En simplifiant, on pourrait reformuler en différenciant « liberté de penser » - soit la liberté ontologique / philosophique, c’est-à-dire le commencement d’une série causale - et « liberté de faire » ceci ou cela (liberté d'exercice de la volonté) qui est seconde par rapport à la liberté de la volonté.

Même pour certains philosophes expérimentaux, il semble qu’il y ait confusion entre ces deux concepts de liberté puisque l’un d’entre eux, fervent partisan d’un LA « réel », conclut[6] :

« Autrement dit, pour vous et moi, il n’y a pas de contradiction entre les résultats des expériences de Libet et notre conception ordinaire du Libre Arbitre. Voilà qui pourrait bien donner du fil à retordre aux adversaires déclarés du Libre Arbitre, dont les démonstrations se révèlent philosophiquement impuissantes à réfuter le sens commun. »

Ah bon ? N’y aurait-il pas une petite manipulation dans le «pour vous et moi » ? Il est périlleux de vouloir m’associer de force, en tant que lecteur, à ce qui est pour moi, justement, une grossière erreur. Par ailleurs, la charge de la preuve ici est à nouveau indûment déversée sur les sceptiques du LA alors que ce sont les partisans du LA qui devraient apporter des éléments de preuve ; et des preuves très fortes étant donné le caractère hautement surnaturel de leur conviction. Enfin, si l’on remplaçait, suite à un sondage favorable à la peine de mort[7], « Libre Arbitre » par « peine de mort », on aurait :

« Voilà qui pourrait bien donner du fil à retordre aux adversaires déclarés de la peine de mort, dont les démonstrations se révèlent philosophiquement impuissantes à réfuter le sens commun. »
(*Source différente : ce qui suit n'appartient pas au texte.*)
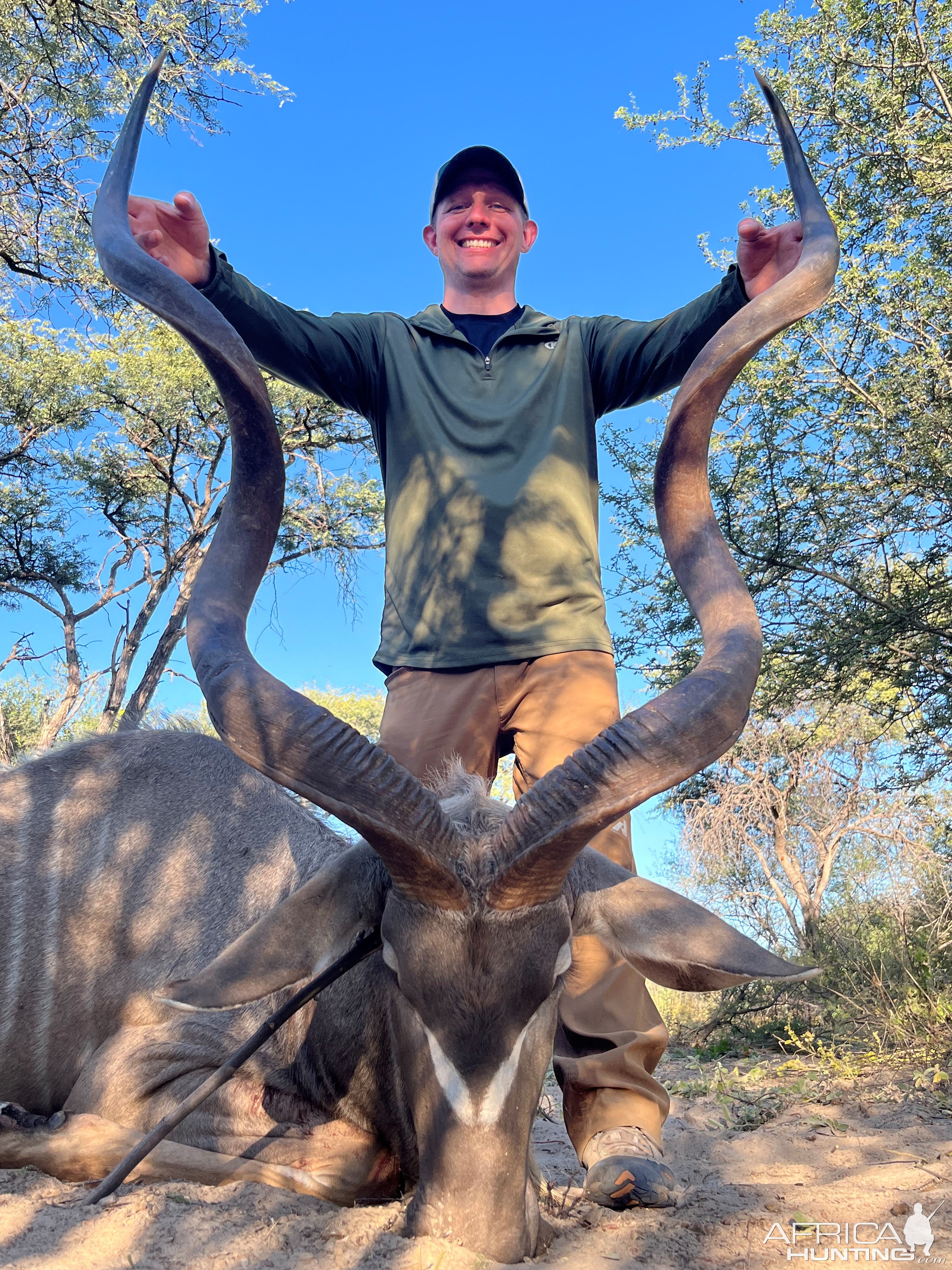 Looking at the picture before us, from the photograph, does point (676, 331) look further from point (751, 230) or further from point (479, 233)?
point (479, 233)

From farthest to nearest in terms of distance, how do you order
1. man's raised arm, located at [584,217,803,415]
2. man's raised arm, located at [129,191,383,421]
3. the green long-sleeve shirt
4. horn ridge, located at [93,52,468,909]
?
the green long-sleeve shirt < man's raised arm, located at [584,217,803,415] < man's raised arm, located at [129,191,383,421] < horn ridge, located at [93,52,468,909]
Remplacez « la peine de mort » par « Dieu » suite à un sondage en Pologne[8], et nous aurons un autre exemple de l’ineptie philosophique de l’argument.
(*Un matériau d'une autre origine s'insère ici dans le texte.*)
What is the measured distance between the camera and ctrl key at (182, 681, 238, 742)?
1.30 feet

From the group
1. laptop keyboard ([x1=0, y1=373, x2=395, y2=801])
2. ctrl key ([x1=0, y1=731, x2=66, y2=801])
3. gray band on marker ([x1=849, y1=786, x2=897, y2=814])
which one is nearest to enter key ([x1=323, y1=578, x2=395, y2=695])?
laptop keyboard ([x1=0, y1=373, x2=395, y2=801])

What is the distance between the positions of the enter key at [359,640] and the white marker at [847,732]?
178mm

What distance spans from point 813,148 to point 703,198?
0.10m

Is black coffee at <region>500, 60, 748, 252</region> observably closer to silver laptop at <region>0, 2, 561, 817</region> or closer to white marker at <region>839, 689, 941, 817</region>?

Remplaçons une fois pour toute la philosophie par des sondages Ipsos

Pendant des années, les philosophes expérimentaux ont tenté de discerner si les profanes déclaraient le Libre Arbitre compatible avec une compréhension scientifiquement déterministe de l'univers, mais aucun consensus n'a pu émerger. Une étude[9] fournit une explication potentielle :

« Les gens sont fortement motivés pour préserver le libre arbitre et la responsabilité morale, et n'ont donc pas de notions stables et logiquement rigoureuses du libre arbitre (...) Ces résultats suggèrent que les profanes n'ont pas d’intuition quant à savoir si le libre arbitre est compatible avec le déterminisme. Au lieu de cela, les profanes rapportent que le libre arbitre est compatible avec le déterminisme lorsqu'il s'agit de défendre la responsabilité morale. »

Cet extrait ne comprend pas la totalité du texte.